Last year, I was asked to look into Spark as a potential solution for specific analytic use cases. At the time I felt that Databricks – the company most closely associated with the product – was still in science experiment mode. I said as much. But then when I saw SAP provide its endorsement and enthusiastic take up by the Scala community I sat back and went ‘hmm.’ The survey certainly provokes reaction but more to the point, Spark is much younger than Hadoop yet has caught the imagination among powerful influencers in a way that has taken years for Hadoop fans.
Here are the talking points from the Databricks survey in infographic form:
Let’s discount the chest thumping element on the left hand side but instead concentrate on the reasons for choosing Spark and the industries that are adopting.
Performance is considered paramount these days and especially when looking at the impact of streaming data so that 91% is not surprising. Hadoop has always been considered something of a development beast, largely because it was never a finished product per se. You can say the same of Spark. The difference is that Spark is positioned as a platform upon which you can ‘bring your own language’ and that has important positive implications for attracting developers.

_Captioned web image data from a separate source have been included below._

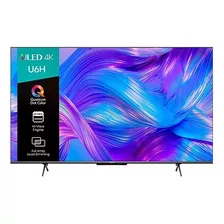 Smart Tv Hisense 75'' Uled 4k Quantum Dot Google Tv 75u6h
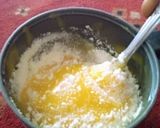 A picture of step 4 of Custard pudding.
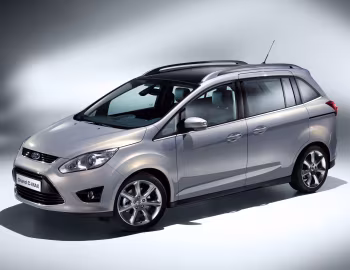 Ford Grand C-MAX [Worldwide] '2010–15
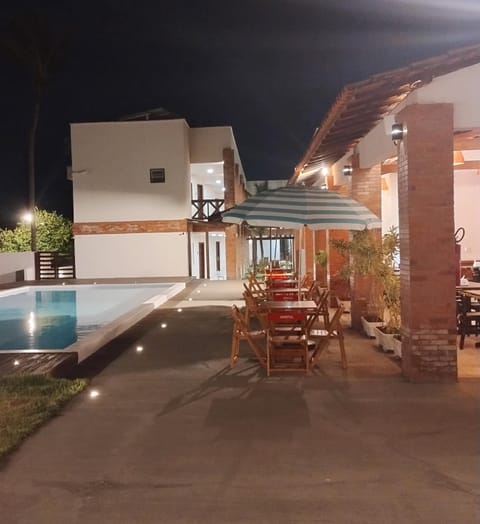 Outdoor pool, open 9:00 AM to 8:00 PM, pool umbrellas, sun loungers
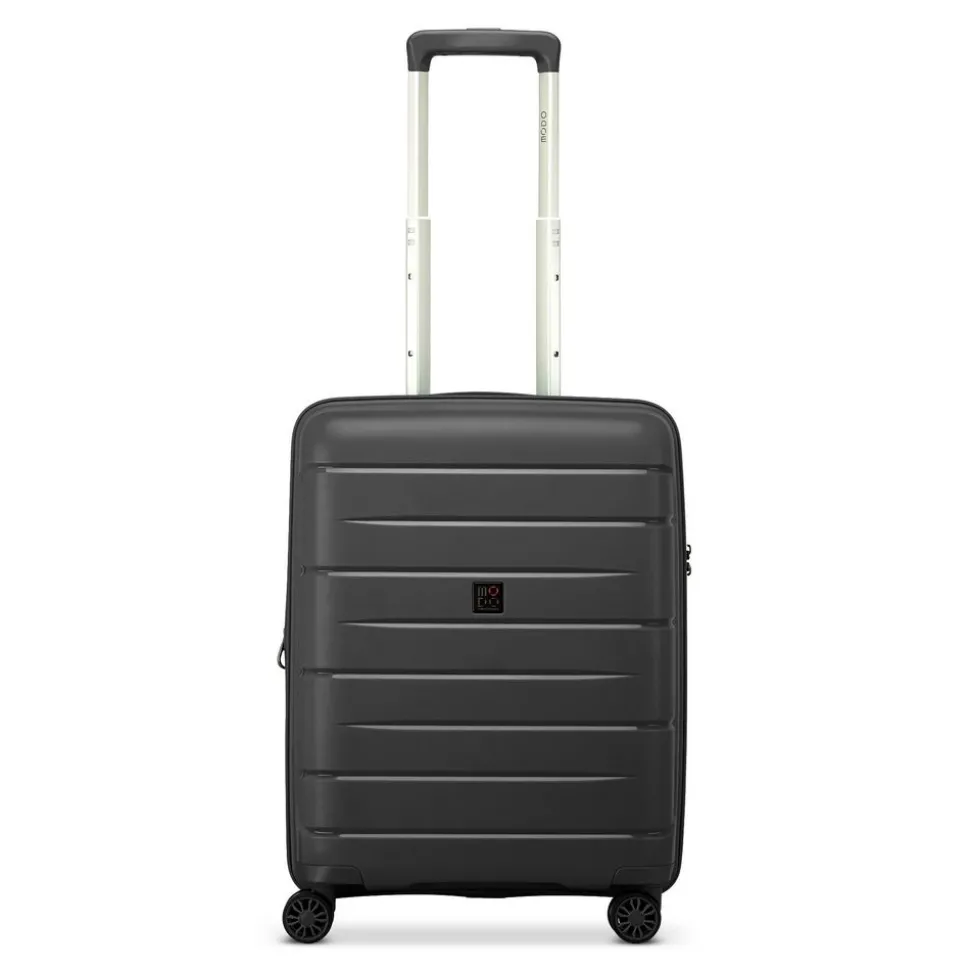 Trolley cabina espandibile Modo by Roncato Starlight 3.0 3453 Nero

As always with relatively new technology, it tends to be the technology companies that pick it up first and so the industry adoption pattern is not surprising. Again, adopt among marketing and advertising businesses should not surprise. We’ve recently written about how dysfunctional media shot itself in the face, foot and narrowly missed its heart.
How is Spark used? See below:
This is a very broad mix that supports the general purpose nature of the Spark platform. Again, the result is more or less aligned with what the Hadoop Maturity Survey discovered.

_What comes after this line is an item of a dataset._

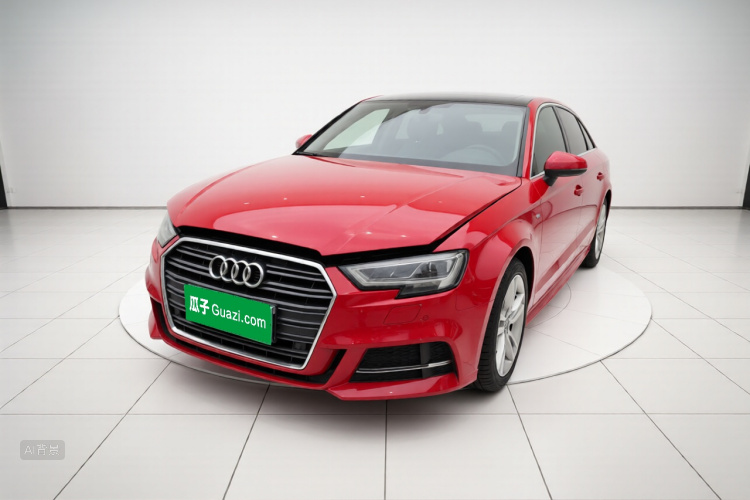 Audi A3 2019 car image #2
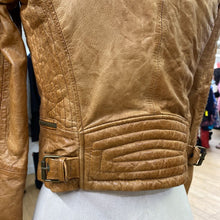 Load image into Gallery viewer, Zara pleather jacket S NWT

More important, 69% of respondents are building two or more solutions with Spark while 49% are building three or more products. That’s an important data point because typically, data processing organizations only allow the solving of one data problem at a time.
Other data from the survey suggests that rather than simply being a technical platform for data engineers, other professionals like data scientists and data architects are using Spark in a collaborative fashion. So are business managers albeit they are a small minority at this stage.
The survey doesn’t go into the reasons for these remarkable adoption curve numbers. I am willing to bet a lot of money this has a lot to do with the inclusive programming and platform environment Spark established from the get go. Yes, the fashionistas in the Scala camp are up there as top users but Python is very popular too. Windows platform has grown 283% in the last year to 23% of all Spark projects noted in the survey. You don’t get that when languages and platforms are restricted or limited.
I remember having discussions about language support with Vishal Sikka, (now CEO Infosys but then in charge of HANA development) when SAP HANA was groping for a purpose beyond feeds and speeds. There was a vocal minority of extremely well seasoned and influential SAP developers who wanted HANA to support beyond ABAP, SAP’s proprietary language and Java. Surveys showed the most common demand was for PHP. SAP dropped the ball on that one and is now a data source for Spark.
Elsewhere, we hear Oracle tout Java as the most popular language for application building, yet the Spark survey is telling a different story about solving tomorrow’s problems with that magic combination of ease of use and blistering performance.
In short, the mega vendors need to wake up and learn from what upstarts like Databricks are doing or rather, the outcomes from those who are working on this platform which, by the way, is used in the cloud among 51% of respondents.
Disclosure: SAP and Oracle are premier partners at time of writing.